New York Attorney General Letitia James, whose office teamed up with the district attorney in the probe, said Bannon “took advantage of his donors’ political views to secure millions of dollars which he then misappropriated” and “lied to his donors to enrich himself and his friends.”
Bannon was scheduled to be arraigned on the charges Thursday afternoon.
In a statement to NBC News on Tuesday, Bannon said, “This is nothing more than a partisan political weaponization of the criminal justice system.”
Bannon was hit with charges related to the same scheme by federal prosecutors in August 2020. He pleaded not guilty and was later pardoned by then-President Donald Trump”
NBC News reported in February 2021 that the district attorney’s office had opened an investigation into Bannon’s involvement in the alleged scam a month after Trump pardoned him. Presidential pardons only apply to federal cases, meaning New York is not prohibited from pursuing similar charges.
The federal case alleged that Bannon was one of four people who “orchestrated a scheme to defraud hundreds of thousands of donors” out of some of the more than $25 million raised through an online crowdfunding campaign to help fulfill Trump’s pledge to build a border wall. Federal authorities said Bannon used his nonprofit organization to receive more than $1 million of wall-building funds.

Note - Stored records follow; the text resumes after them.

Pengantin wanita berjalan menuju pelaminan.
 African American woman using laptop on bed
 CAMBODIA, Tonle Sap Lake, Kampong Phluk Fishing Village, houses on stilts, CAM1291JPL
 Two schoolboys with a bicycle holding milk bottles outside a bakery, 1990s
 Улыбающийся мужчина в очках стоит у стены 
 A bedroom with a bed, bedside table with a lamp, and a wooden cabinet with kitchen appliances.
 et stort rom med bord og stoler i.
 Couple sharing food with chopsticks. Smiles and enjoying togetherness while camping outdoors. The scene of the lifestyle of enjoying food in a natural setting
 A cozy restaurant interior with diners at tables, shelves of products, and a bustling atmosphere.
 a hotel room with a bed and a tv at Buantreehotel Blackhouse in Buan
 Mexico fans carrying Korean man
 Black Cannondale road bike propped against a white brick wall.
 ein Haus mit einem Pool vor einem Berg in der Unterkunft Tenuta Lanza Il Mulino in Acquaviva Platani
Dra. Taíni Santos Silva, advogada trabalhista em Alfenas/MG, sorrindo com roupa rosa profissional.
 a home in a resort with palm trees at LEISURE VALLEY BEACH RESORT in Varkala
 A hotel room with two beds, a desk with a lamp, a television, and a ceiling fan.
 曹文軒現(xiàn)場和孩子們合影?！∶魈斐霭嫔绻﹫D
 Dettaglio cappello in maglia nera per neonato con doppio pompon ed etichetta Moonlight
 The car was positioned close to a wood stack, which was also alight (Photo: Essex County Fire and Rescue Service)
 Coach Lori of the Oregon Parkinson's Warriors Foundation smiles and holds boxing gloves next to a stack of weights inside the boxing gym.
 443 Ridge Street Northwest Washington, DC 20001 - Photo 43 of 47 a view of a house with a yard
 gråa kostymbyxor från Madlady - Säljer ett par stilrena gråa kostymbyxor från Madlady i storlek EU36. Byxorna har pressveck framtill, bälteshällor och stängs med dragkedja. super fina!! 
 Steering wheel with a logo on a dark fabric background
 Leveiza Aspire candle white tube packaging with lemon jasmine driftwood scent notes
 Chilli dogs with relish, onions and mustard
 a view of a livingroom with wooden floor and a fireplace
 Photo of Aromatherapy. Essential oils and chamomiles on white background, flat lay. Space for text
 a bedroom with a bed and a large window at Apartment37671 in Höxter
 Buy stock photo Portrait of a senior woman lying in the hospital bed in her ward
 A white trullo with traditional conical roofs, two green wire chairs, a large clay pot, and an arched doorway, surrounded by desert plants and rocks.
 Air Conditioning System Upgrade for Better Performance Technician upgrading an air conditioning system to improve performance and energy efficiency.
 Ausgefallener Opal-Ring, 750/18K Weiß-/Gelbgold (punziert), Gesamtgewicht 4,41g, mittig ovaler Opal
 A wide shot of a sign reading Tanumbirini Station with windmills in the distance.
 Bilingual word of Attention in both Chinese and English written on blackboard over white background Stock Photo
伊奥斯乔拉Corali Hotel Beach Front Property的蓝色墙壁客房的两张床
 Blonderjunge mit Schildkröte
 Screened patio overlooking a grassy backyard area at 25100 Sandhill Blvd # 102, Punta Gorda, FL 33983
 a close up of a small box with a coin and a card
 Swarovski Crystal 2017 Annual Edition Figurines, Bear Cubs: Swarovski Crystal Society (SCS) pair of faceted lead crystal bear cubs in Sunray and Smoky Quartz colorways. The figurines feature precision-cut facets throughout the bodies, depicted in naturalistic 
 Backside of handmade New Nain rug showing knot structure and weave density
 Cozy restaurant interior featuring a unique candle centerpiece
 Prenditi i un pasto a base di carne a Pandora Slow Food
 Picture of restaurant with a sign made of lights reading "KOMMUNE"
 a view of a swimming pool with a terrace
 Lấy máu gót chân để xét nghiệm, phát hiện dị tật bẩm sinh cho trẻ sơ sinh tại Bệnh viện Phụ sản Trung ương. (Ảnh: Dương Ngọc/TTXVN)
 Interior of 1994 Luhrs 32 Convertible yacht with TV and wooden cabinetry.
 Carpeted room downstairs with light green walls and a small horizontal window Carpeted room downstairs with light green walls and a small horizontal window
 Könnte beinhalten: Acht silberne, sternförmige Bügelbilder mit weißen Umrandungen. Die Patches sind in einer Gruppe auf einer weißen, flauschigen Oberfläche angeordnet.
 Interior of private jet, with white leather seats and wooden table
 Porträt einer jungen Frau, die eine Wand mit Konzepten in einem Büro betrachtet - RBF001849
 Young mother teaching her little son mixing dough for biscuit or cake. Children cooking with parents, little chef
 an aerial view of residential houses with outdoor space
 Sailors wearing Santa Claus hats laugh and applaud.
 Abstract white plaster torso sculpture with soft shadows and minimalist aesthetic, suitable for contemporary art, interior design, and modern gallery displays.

Two of Bannon’s co-defendants in the federal case, Kolfage and Andrew Badolato, pleaded guilty in April and are scheduled to be sentenced in December. A trial for the third co-defendant, Timothy Shea, ended in a mistrial in June, when the jury deadlocked and couldn’t reach a verdict. Shea is scheduled to be retried in October.
Bannon is also awaiting sentencing after being convicted of misdemeanor contempt of Congress charges for snubbing subpoenas from the House committee investigating the Jan. 6 riot at the Capitol. He faces up to a year in jail and $100,000 in fines.
Bannon’s case is not the first brought by the New York district attorney’s office involving the former president’s allies.
Last June, the office charged the Trump Organization and its then-chief financial officer, Allen Weisselberg, with tax fraud and other charges in what they described as a sweeping, 15-year scheme to compensate top executives “off the books” and help them avoid paying taxes.
Weisselberg, who pleaded guilty in the case last month, is expected to testify against the company when the case goes to trial in October.
The company pleaded not guilty and Trump has not been charged in the case. He has, however, insisted that the investigation is part of a political “witch hunt” against him and has accused Bragg, who is Black, of being a “racist” for pursuing the case.
The case was initially brought by Bragg’s predecessor, Cyrus Vance.
Vance also brought a criminal case in 2019 against Trump’s former campaign manager Paul Manafort for allegedly falsifying business records to obtain millions of dollars in residential mortgage loans. The case was later dismissed on double jeopardy grounds as he had already been tried and convicted for related crimes uncovered by former special counsel Robert Mueller.
Manafort’s case likely won’t help Bannon. The state passed a law in late 2019 that allows its prosecutors to pursue investigations into any recipient of a presidential pardon who served in a president’s administration, worked directly or indirectly to advance a presidential campaign or transition, or worked at a nonprofit or business controlled by a president, and whose alleged criminal activity took place in New York.